══ Data for this exercise ══

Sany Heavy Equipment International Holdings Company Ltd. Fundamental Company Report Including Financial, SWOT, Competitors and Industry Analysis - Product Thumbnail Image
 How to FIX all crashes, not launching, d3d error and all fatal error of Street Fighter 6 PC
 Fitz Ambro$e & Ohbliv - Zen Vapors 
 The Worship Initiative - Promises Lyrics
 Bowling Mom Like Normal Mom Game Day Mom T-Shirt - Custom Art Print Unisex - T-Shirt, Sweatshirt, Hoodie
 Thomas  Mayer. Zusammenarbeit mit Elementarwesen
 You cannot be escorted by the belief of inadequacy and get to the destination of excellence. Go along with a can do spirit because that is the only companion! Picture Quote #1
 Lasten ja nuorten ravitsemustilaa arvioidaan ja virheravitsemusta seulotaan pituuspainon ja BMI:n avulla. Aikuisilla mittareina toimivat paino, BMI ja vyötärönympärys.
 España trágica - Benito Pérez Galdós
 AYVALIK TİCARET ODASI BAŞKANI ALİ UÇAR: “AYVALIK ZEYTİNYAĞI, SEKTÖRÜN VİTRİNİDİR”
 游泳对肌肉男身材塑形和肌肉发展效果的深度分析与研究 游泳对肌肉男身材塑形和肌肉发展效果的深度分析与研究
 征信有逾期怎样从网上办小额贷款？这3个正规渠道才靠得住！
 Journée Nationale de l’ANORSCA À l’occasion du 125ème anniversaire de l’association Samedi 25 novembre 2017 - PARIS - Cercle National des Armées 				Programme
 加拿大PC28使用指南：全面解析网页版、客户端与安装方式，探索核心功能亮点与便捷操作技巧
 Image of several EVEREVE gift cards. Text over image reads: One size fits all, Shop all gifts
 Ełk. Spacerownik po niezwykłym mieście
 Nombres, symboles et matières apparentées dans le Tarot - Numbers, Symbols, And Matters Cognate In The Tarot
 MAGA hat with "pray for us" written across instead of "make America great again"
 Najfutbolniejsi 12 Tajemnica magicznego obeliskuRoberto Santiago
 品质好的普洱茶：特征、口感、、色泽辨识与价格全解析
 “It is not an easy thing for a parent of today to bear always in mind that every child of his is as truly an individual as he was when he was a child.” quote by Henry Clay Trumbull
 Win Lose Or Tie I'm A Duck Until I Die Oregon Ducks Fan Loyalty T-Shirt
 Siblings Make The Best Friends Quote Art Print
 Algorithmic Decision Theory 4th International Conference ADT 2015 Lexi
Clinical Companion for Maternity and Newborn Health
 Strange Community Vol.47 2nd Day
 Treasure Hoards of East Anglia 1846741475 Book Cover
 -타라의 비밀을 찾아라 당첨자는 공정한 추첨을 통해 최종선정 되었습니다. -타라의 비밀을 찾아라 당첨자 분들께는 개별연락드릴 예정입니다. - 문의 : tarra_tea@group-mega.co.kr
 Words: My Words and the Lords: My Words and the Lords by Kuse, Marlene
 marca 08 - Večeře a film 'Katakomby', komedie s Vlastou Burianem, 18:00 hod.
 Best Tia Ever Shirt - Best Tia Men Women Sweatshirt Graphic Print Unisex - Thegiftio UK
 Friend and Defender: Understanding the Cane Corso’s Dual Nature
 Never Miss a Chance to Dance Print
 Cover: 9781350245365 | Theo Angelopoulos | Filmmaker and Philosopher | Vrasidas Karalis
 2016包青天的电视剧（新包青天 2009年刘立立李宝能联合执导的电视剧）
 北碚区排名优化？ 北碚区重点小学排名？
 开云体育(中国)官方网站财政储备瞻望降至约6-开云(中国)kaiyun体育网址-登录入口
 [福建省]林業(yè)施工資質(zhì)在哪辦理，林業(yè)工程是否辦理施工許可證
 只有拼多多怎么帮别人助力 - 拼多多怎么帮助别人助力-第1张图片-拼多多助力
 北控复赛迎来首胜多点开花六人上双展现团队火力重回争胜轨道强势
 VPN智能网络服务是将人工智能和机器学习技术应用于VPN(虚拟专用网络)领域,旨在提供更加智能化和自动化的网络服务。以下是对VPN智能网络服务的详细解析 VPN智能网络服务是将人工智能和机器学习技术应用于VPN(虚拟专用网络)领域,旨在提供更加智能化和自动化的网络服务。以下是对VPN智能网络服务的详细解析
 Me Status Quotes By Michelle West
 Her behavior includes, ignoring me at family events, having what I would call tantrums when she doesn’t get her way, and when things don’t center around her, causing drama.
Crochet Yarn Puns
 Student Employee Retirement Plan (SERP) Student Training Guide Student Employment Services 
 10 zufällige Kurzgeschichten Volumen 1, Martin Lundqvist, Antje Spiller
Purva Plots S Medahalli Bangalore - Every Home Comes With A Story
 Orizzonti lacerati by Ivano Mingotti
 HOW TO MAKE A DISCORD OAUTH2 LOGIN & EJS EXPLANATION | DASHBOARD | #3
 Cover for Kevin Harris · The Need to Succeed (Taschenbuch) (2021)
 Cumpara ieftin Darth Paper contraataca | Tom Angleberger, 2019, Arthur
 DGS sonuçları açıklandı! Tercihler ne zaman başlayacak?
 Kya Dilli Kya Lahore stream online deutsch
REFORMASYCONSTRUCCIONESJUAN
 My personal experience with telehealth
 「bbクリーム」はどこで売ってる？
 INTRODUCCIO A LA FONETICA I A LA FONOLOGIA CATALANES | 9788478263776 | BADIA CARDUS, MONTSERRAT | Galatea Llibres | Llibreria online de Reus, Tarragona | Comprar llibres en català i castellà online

═══

- Activity: What's needed is a word-for-word restatement of all the entries.

- Answer to this exercise:
Sany Heavy Equipment International Holdings Company Ltd. Fundamental Company Report Including Financial, SWOT, Competitors and Industry Analysis - Product Thumbnail Image
 How to FIX all crashes, not launching, d3d error and all fatal error of Street Fighter 6 PC
 Fitz Ambro$e & Ohbliv - Zen Vapors 
 The Worship Initiative - Promises Lyrics
 Bowling Mom Like Normal Mom Game Day Mom T-Shirt - Custom Art Print Unisex - T-Shirt, Sweatshirt, Hoodie
 Thomas  Mayer. Zusammenarbeit mit Elementarwesen
 You cannot be escorted by the belief of inadequacy and get to the destination of excellence. Go along with a can do spirit because that is the only companion! Picture Quote #1
 Lasten ja nuorten ravitsemustilaa arvioidaan ja virheravitsemusta seulotaan pituuspainon ja BMI:n avulla. Aikuisilla mittareina toimivat paino, BMI ja vyötärönympärys.
 España trágica - Benito Pérez Galdós
 AYVALIK TİCARET ODASI BAŞKANI ALİ UÇAR: “AYVALIK ZEYTİNYAĞI, SEKTÖRÜN VİTRİNİDİR”
 游泳对肌肉男身材塑形和肌肉发展效果的深度分析与研究 游泳对肌肉男身材塑形和肌肉发展效果的深度分析与研究
 征信有逾期怎样从网上办小额贷款？这3个正规渠道才靠得住！
 Journée Nationale de l’ANORSCA À l’occasion du 125ème anniversaire de l’association Samedi 25 novembre 2017 - PARIS - Cercle National des Armées 				Programme
 加拿大PC28使用指南：全面解析网页版、客户端与安装方式，探索核心功能亮点与便捷操作技巧
 Image of several EVEREVE gift cards. Text over image reads: One size fits all, Shop all gifts
 Ełk. Spacerownik po niezwykłym mieście
 Nombres, symboles et matières apparentées dans le Tarot - Numbers, Symbols, And Matters Cognate In The Tarot
 MAGA hat with "pray for us" written across instead of "make America great again"
 Najfutbolniejsi 12 Tajemnica magicznego obeliskuRoberto Santiago
 品质好的普洱茶：特征、口感、、色泽辨识与价格全解析
 “It is not an easy thing for a parent of today to bear always in mind that every child of his is as truly an individual as he was when he was a child.” quote by Henry Clay Trumbull
 Win Lose Or Tie I'm A Duck Until I Die Oregon Ducks Fan Loyalty T-Shirt
 Siblings Make The Best Friends Quote Art Print
 Algorithmic Decision Theory 4th International Conference ADT 2015 Lexi
Clinical Companion for Maternity and Newborn Health
 Strange Community Vol.47 2nd Day
 Treasure Hoards of East Anglia 1846741475 Book Cover
 -타라의 비밀을 찾아라 당첨자는 공정한 추첨을 통해 최종선정 되었습니다. -타라의 비밀을 찾아라 당첨자 분들께는 개별연락드릴 예정입니다. - 문의 : tarra_tea@group-mega.co.kr
 Words: My Words and the Lords: My Words and the Lords by Kuse, Marlene
 marca 08 - Večeře a film 'Katakomby', komedie s Vlastou Burianem, 18:00 hod.
 Best Tia Ever Shirt - Best Tia Men Women Sweatshirt Graphic Print Unisex - Thegiftio UK
 Friend and Defender: Understanding the Cane Corso’s Dual Nature
 Never Miss a Chance to Dance Print
 Cover: 9781350245365 | Theo Angelopoulos | Filmmaker and Philosopher | Vrasidas Karalis
 2016包青天的电视剧（新包青天 2009年刘立立李宝能联合执导的电视剧）
 北碚区排名优化？ 北碚区重点小学排名？
 开云体育(中国)官方网站财政储备瞻望降至约6-开云(中国)kaiyun体育网址-登录入口
 [福建省]林業(yè)施工資質(zhì)在哪辦理，林業(yè)工程是否辦理施工許可證
 只有拼多多怎么帮别人助力 - 拼多多怎么帮助别人助力-第1张图片-拼多多助力
 北控复赛迎来首胜多点开花六人上双展现团队火力重回争胜轨道强势
 VPN智能网络服务是将人工智能和机器学习技术应用于VPN(虚拟专用网络)领域,旨在提供更加智能化和自动化的网络服务。以下是对VPN智能网络服务的详细解析 VPN智能网络服务是将人工智能和机器学习技术应用于VPN(虚拟专用网络)领域,旨在提供更加智能化和自动化的网络服务。以下是对VPN智能网络服务的详细解析
 Me Status Quotes By Michelle West
 Her behavior includes, ignoring me at family events, having what I would call tantrums when she doesn’t get her way, and when things don’t center around her, causing drama.
Crochet Yarn Puns
 Student Employee Retirement Plan (SERP) Student Training Guide Student Employment Services 
 10 zufällige Kurzgeschichten Volumen 1, Martin Lundqvist, Antje Spiller
Purva Plots S Medahalli Bangalore - Every Home Comes With A Story
 Orizzonti lacerati by Ivano Mingotti
 HOW TO MAKE A DISCORD OAUTH2 LOGIN & EJS EXPLANATION | DASHBOARD | #3
 Cover for Kevin Harris · The Need to Succeed (Taschenbuch) (2021)
 Cumpara ieftin Darth Paper contraataca | Tom Angleberger, 2019, Arthur
 DGS sonuçları açıklandı! Tercihler ne zaman başlayacak?
 Kya Dilli Kya Lahore stream online deutsch
REFORMASYCONSTRUCCIONESJUAN
 My personal experience with telehealth
 「bbクリーム」はどこで売ってる？
 INTRODUCCIO A LA FONETICA I A LA FONOLOGIA CATALANES | 9788478263776 | BADIA CARDUS, MONTSERRAT | Galatea Llibres | Llibreria online de Reus, Tarragona | Comprar llibres en català i castellà online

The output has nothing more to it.